You are right, what value does the course have might is the better question. The best value that can be created given our resources - Piers, Paul and whatever I can offer from my previous experience as a flying instructor and trainer. Simon has gained considerable experience over the last eighteen months and when he has completed the course he will be making his input too. It has taken many months to put this together - we started from scratch to build something tailored to paramotoring rather than adapted from paragliding.

The final arbiter will be the customer - the course candidates.

Link to comment
Share on other sites

i see , just curious , in some countries you must have a licence to fly the paramotor apparently? if this is the case then following there format of training and instruction in paramotoring would put the could be instructor ahead for if the law does change. Then would the system be very similar to other countries that have applied this?

Or do an instructors course abroad, if there is one that does issue such a certification?

Its one thing to teach paramotoring to individuals but to teach people to teach when there is no real structure legally on paper in this country, then does that not open it up to a lot of legalities if things were to go wrong with said potential instructors?
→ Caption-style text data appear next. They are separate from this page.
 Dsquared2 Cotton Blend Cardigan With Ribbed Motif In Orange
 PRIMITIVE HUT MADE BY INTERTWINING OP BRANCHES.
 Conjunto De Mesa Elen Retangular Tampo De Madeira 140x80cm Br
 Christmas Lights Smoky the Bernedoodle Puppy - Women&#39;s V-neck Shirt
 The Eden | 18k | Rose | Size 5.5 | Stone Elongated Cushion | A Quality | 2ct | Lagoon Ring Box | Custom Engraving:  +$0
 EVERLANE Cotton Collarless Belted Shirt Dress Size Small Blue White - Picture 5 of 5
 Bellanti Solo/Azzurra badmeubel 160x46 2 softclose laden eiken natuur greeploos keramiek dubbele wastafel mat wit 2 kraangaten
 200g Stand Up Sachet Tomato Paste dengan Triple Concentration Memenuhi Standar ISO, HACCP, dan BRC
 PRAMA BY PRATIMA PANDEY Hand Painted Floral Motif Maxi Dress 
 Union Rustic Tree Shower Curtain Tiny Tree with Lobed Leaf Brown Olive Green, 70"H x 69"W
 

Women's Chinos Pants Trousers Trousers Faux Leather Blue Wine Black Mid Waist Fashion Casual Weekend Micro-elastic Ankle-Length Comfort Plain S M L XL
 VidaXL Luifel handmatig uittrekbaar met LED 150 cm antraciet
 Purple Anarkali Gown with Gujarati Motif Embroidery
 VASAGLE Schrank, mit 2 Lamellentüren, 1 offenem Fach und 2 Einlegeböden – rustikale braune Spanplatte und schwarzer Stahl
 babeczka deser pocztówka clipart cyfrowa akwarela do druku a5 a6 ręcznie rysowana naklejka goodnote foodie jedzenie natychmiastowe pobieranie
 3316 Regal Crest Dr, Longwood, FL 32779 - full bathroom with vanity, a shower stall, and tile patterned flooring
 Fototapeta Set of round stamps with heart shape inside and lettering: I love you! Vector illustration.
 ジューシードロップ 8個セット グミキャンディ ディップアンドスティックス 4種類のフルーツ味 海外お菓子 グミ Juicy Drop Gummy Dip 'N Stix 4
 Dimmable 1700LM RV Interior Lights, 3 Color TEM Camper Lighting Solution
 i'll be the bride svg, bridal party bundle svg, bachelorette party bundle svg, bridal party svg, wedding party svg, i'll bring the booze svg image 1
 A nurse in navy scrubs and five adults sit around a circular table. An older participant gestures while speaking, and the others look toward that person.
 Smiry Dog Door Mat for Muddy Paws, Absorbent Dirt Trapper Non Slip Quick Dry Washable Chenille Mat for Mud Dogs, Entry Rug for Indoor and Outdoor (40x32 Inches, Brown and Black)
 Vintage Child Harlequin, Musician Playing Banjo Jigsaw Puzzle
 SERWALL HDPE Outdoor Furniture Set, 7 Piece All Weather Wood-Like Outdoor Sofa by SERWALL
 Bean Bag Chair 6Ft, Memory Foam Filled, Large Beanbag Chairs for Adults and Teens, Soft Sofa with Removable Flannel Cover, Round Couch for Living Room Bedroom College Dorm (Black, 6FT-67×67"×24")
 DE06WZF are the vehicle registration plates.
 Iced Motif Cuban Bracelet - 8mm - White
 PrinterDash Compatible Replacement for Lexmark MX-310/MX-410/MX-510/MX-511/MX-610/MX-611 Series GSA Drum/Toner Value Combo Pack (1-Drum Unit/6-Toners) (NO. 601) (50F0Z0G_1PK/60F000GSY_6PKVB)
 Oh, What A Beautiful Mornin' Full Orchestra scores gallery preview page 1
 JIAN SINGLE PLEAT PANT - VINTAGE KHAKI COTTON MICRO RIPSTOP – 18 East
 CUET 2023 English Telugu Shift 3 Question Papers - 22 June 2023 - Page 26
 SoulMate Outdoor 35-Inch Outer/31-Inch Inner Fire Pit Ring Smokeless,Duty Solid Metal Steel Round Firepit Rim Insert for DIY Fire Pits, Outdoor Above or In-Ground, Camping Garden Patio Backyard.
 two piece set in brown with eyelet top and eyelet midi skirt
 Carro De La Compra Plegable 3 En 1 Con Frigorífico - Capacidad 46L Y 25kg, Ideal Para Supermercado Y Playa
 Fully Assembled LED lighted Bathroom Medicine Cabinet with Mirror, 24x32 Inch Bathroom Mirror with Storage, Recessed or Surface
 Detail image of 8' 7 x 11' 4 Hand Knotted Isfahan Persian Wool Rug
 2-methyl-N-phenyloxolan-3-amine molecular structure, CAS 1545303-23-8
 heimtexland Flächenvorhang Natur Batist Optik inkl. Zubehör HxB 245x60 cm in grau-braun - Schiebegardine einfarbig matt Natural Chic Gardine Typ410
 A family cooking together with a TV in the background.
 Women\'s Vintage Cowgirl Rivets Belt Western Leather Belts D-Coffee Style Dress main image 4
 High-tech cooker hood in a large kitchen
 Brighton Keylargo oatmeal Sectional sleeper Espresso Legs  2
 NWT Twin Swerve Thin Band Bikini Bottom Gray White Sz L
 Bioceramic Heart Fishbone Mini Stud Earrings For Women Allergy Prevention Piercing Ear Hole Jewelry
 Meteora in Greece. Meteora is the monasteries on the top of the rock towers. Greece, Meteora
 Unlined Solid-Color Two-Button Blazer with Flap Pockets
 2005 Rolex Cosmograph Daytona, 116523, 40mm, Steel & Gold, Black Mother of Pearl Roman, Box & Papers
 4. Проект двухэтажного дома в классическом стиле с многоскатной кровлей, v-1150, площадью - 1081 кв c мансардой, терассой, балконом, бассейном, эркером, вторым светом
I read it like this. i will teach you to teach but i dont have no legal format on how to do it.

i aint questioning the quality of your training or the education of the teachers because i know they will be top of the tree in what they do. but we all know that were there is a blaim there is a claim so the wording of it would worry me a little, it needs a or some governing body to take the blaim if owt came back.

maybe i am just too cautious and fuss too much lol

Link to comment
Share on other sites

Hi Leoibb,

No, I think your instincts are sound. One of the motivators for thoroughness is the spectre of court action if we don't get the system comprehensive and right. Our lawyers will advise us and we will do all we can to minimise exposure in the same way that anyone needs to when they teach and operate an adventurous sport enterprise.

Either way nothing comes close to the exposure you face if you train off your own bat with no formal course behind you, no support from more experienced people and no defined teaching or student records system.

Link to comment
Share on other sites

is there no way one could do this course qithout having the said hours of flying? i am asking really because altho i aint too interested in teaching, i am interested in knowledge and the course would i feel benefit most people, the way i see it is you can never know enough or think you are experienced enough.

Link to comment
Share on other sites

is there no way one could do this course without having the said hours of flying? i am asking really because although i ain't too interested in teaching, i am interested in knowledge and the course would i feel benefit most people, the way i see it is you can never know enough or think you are experienced enough.

If you wish for more knowledge then talk to an instructor and explain in which field (no pun intended) you you would like further information

For the price of this course you could get some quality one on one time with an instructor, anyway what are you unsure about or want to know more about?

Pete b

Edited by Guest
Link to comment
Share on other sites

well i just feel if there is a course available in what i do then why not do it? maybe i might know a lot of it but we only retain a little amount of information so it would be good to be told again, apart from that if there is a licence maybe coming up then it will put me in front and on the ladder ready for it.

ive always been one that likes to learn from the best and be the best at what i do, and you can only gain that by learning listening and learning.

altho i aint motivated by the thought of being an instructor it maybe somethin in the future which i may do, who knows?

but the motivation at the moment is for my own personal gain,

im gonna just touch on a point about the hours required, it is said that there is an amount of hours flying to be considered? well my question is this?

if a person gains his say fifty hours by flying for four hours a time? that would give him aprox 12 take offs and 12 landings yes?

now then if a person has only done 15 hours flying but has been made up of half hour flights yes? then that would give him 30 take offs and 30 landings? so my question would be who has the most experience? in the air is easiest and safest yes? it is on the ground were the dangers are mostly take offs and landings.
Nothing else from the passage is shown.